Autoradiographic analysis of neuropeptide Y receptor binding sites in the rat hippocampus after kainic acid-induced limbic seizures

Changes in peptide YY receptor binding were investigated at various intervals after limbic seizures induced in rats by an intraperitoneal injection of kainic acid (10-12 mg/kg). Six to 24 h after kainic acid, specific peptide YY binding, representing Y-1 and Y-2 neuropeptide Y receptor subtypes, was markedly enhanced in the strata radiatum and oriens CA3 (increase by up to 185% and 178% of control values, respectively). Seven and 30 days after kainic acid, a reduction by up to 63% was found. The basal and kainic acid-induced changes in peptide YY binding were mainly represented by Y-2 receptor sites. In the hilus of the dentate gyrus, an increase of global peptide YY binding by up to 400% was observed after 24 h which became attenuated to 125% after 30 days. In the molecular layer of the dentate gyrus global peptide YY binding increased by up to 87% between six and 24 h after kainic acid injection and was reduced by 37% after 30 days. Similar changes were observed in the cerebral cortex. Whereas in the hilus of the dentate gyrus peptide YY binding consisted mainly of Y-2 sites, it represented predominantly Y-1 receptors in the molecular layer and the cortex.

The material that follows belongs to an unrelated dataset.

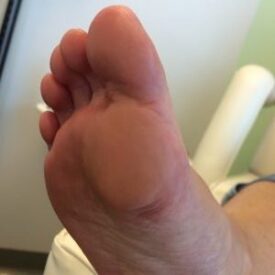 Callosité après soin — Soins des pieds Kathy Ouellet Terrebonne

The decline in global and Y-2 specific peptide YY binding observed at 30 days in the hippocampus proper was prevented in animals protected from seizure-induced brain damage by an anticonvulsant dose of phenobarbital 3 h after injection of kainic acid. In the stratum moleculare of the dentate gyrus, Y-2 specific binding was significantly enhanced while global peptide YY binding was slightly decreased compared to controls. These results show lasting changes in neuropeptide Y receptor binding sites after the acute seizures induced by kainic acid. Since neuropeptide Y modulates glutamatergic neurotransmission, these modifications may play an important role in the hippocampal excitability of chronically epileptic rats.